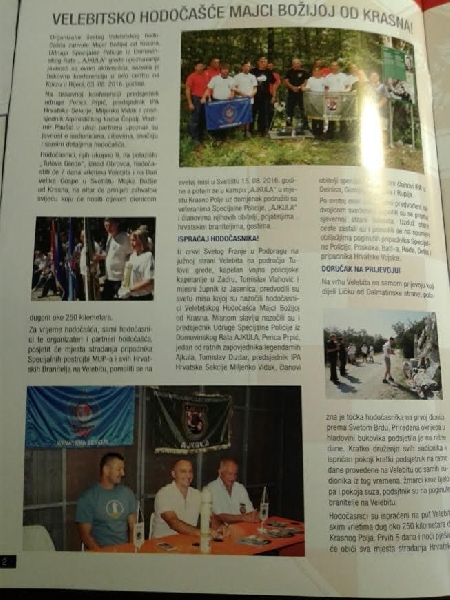Novi broj - IPA REVIJA , br.32, rujan 2016. 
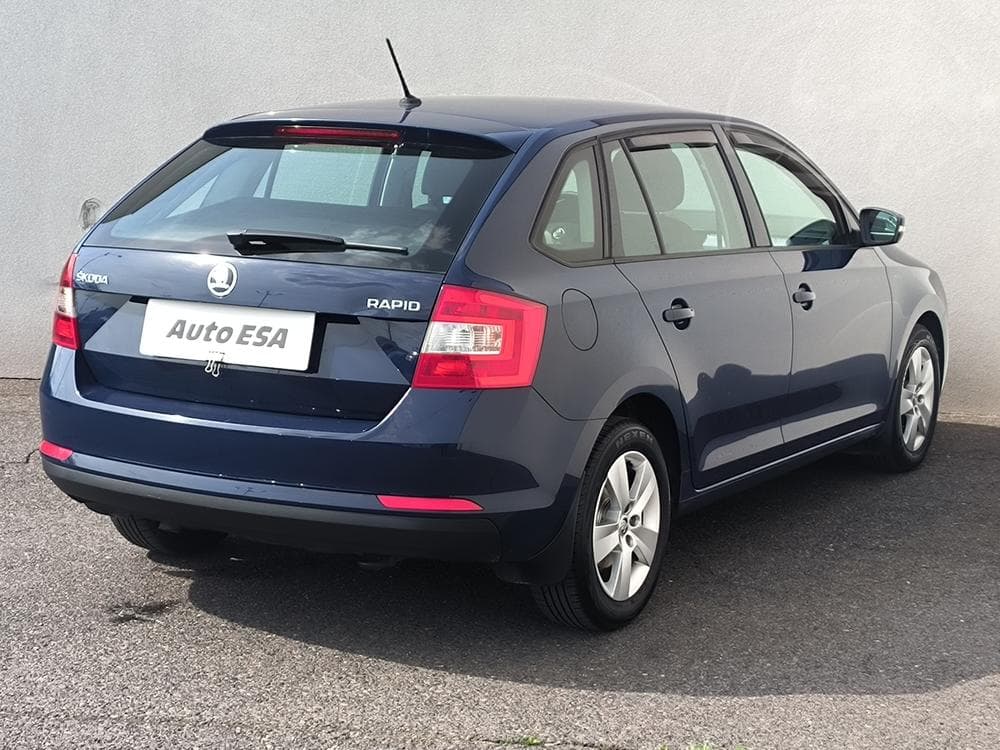 2015 Škoda RAPID - 4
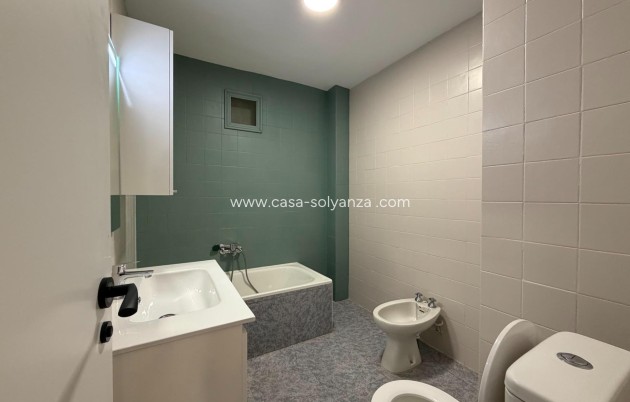 Revente - Appartement - Torrevieja - Playa del Acequión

· · ·

Task instructions: The whole listing above is to be printed exactly; the pictures stay out.

Answer for the task:
Novi broj - IPA REVIJA , br.32, rujan 2016. 
 2015 Škoda RAPID - 4
 Revente - Appartement - Torrevieja - Playa del Acequión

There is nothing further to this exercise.